Autre beau moment, celui du sommeil de Sam et Frodo, tel que Gollum, de retour, les découvre, alors qu'il s'aprête à les trahir, et là c'est une de ces crêtes où une âme peut basculer, il s'en est fallu non d'un cheveux mais d'une bonne parole :
"And so Gollum found them hours later, when he returned, crawling and creeping down the path out of the gloom ahead. Sam sat propped against the stone, his head dropping sideways and his breathing heavy. In his lap Frodo's head, drowned deep in sleep ; upon his white forehead lay one of Sam's brown hands, and the other lay softly upon his master's breast. Peace was both on their faces.

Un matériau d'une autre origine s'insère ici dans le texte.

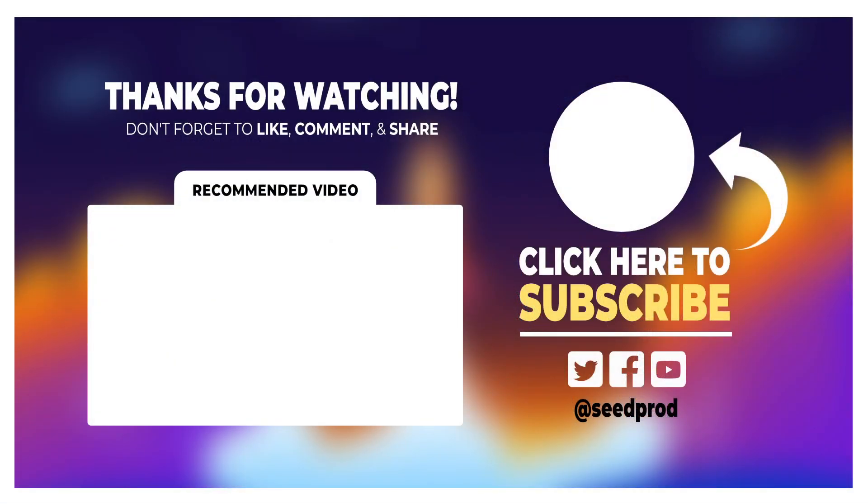Now that you know about how to create a client login page in WordPress, maybe you'd like to check out this video on building a Netflix landing page clone with WordPress, which will help you learn more about the powerful Seedprod features. Thanks for watching and I'll see you in the next video.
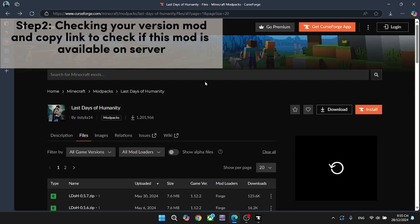Step 2. Check your mod version, and copy the link to check if this mod is available on the server.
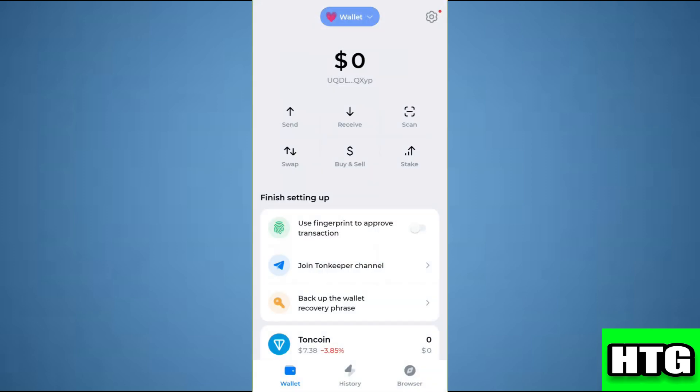The first thing you want to do is open up the TurnKeeper app on your mobile, and make sure the app is updated to the latest version available. After that, sign into your account and you will be redirected to the main page.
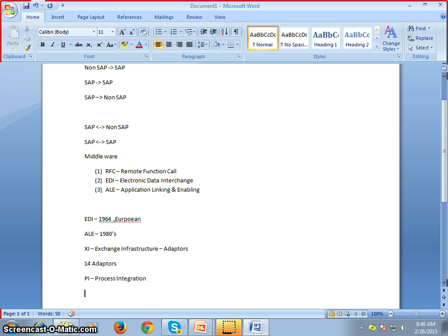However, if SAP has to exchange data with many systems — from Java, websites, Oracle database, MS DOS, and others — into ECC or BI server, then XI or PI is better. PI is the latest version and handles exchange between those systems and SAP.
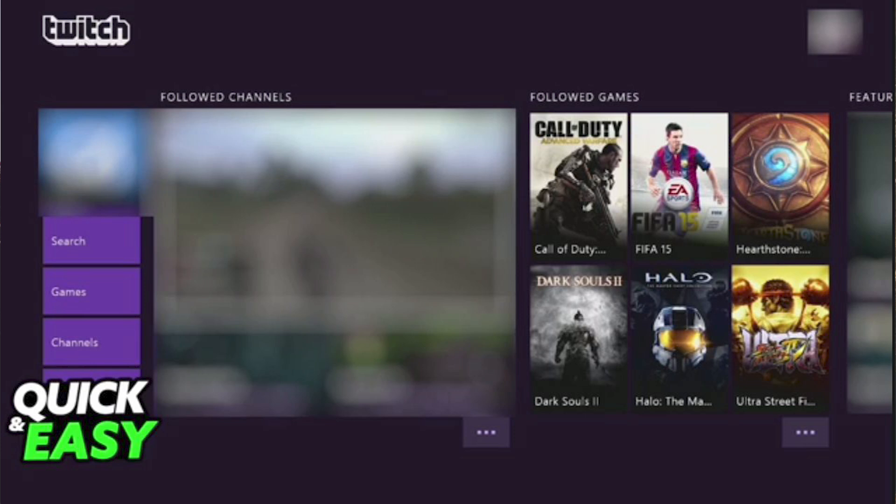Twitch is a video streaming platform that offers a fun social way to watch people play games. Through the Twitch app and online at twitch.tv, gamers who broadcast their matches, known as streamers, play their favorite titles while providing running commentary on the action.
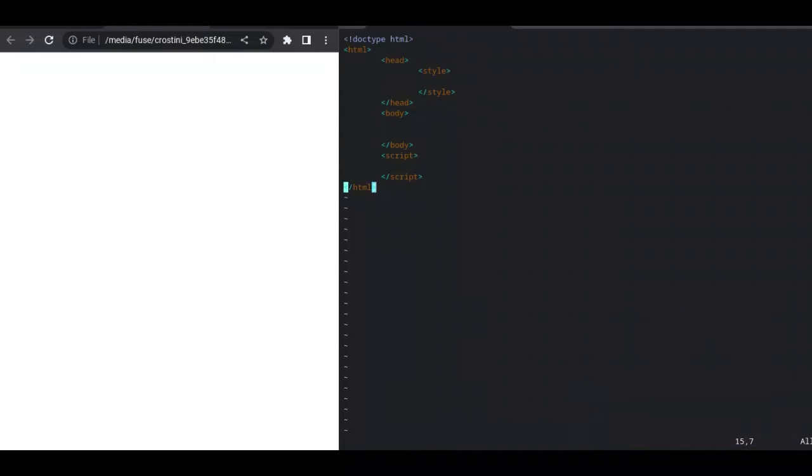Okay, we're starting out with our basic HTML template, and we're going to start making Xenophon.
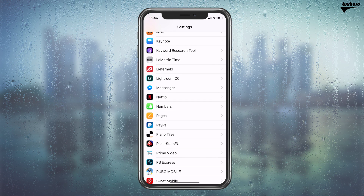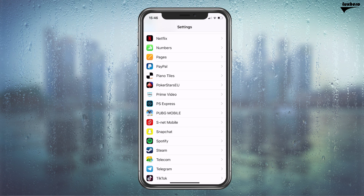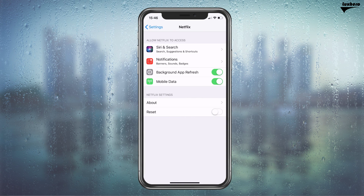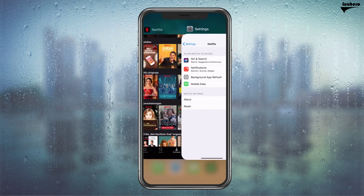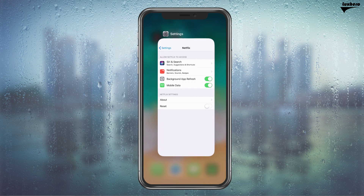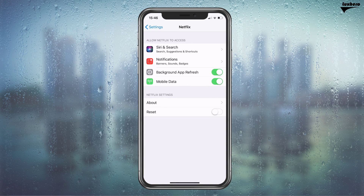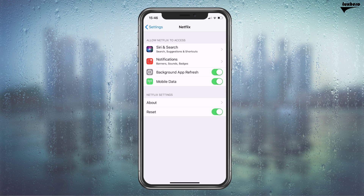First of all, open up your settings and scroll down to open up Netflix. Here select to reset the application, but before doing this, make sure that the app is not running in the background. When this is done,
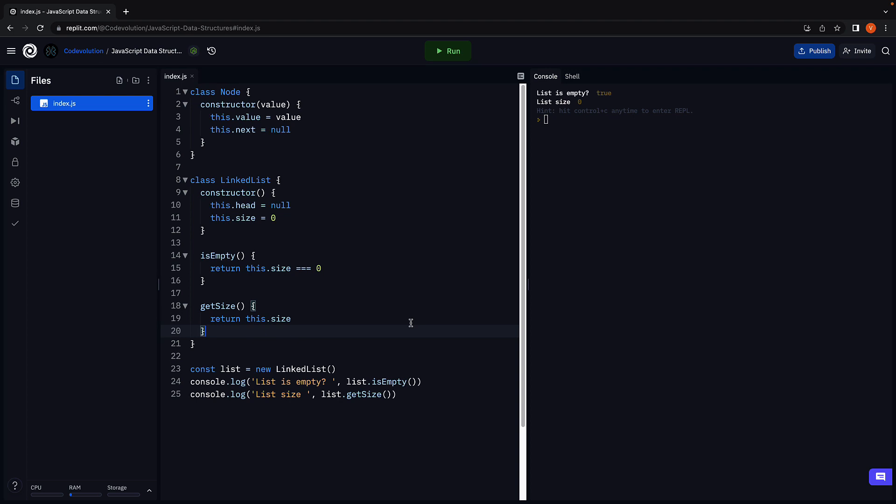Alright, we have now set ourselves up to focus on the various list operations. Let's start with adding new nodes to the list in the next video. Thank you for watching. Make sure to subscribe to the channel.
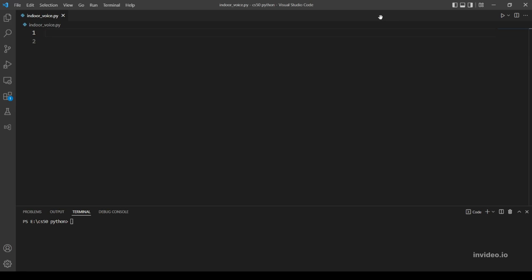Hello everyone, this is the beginning of a series where I will explain and solve the problem set of CS50's introduction to programming with Python. In today's video, I will explain and solve the first problem which is indoor voice. This one is pretty simple - you are asked to take text input from a user and return the text with all characters lowercased. Python already has a built-in method which does exactly that, so let's start coding our program and see how it goes.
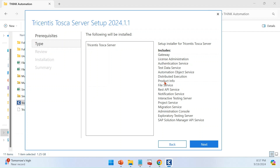For example, License Administration allows you to manage licenses for different users in your organization. Test Data Service is a web-based test data tool you can use across your Tosca Commander. Distributed Execution and AOS is typically used to distribute your execution to multiple machines. You also have REST API service. There are many useful services that will get installed as part of the Tosca server bundle.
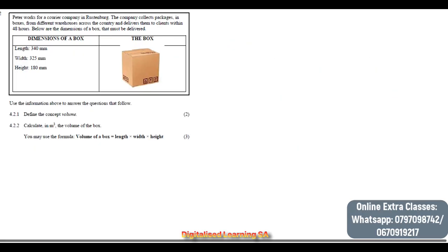Our next question is 4.2. Peter works for a courier company in Rustenburg. The company collects packages in boxes from different warehouses across the country and delivers them to clients within 48 hours. Below are the dimensions of a box that must be delivered.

Gollum looked at them. A strange expression passed over his lean hungry face. The gleam faded from his eyes, and they went dim and grey, old and tired. A spasm of pain seemed to twost him, and he turned away, peering back up toward the pass, shaking his head, as if engaged in some interior debate. Then he came back, and slowly putting out a trembling hand, very cautiously he touched Frodo's knee - but almost the touch was a caress. For a fleeting moment, could one of the sleepers have seen him, they would have thought that they beheld an old weary hobbit, shrunken by the years that had carried him far beyond this time, beyond friends and kin, and the fields and streams of youth, an old starve pitiable thing."
Mais voilà Sam se réveille, se méprend et "the fleeting moment has passed, beyond recall." Comme le dit Jankélévitch, "le menteur, comme le méchant, l'est peut-être de n'avoir pas été assez aimé."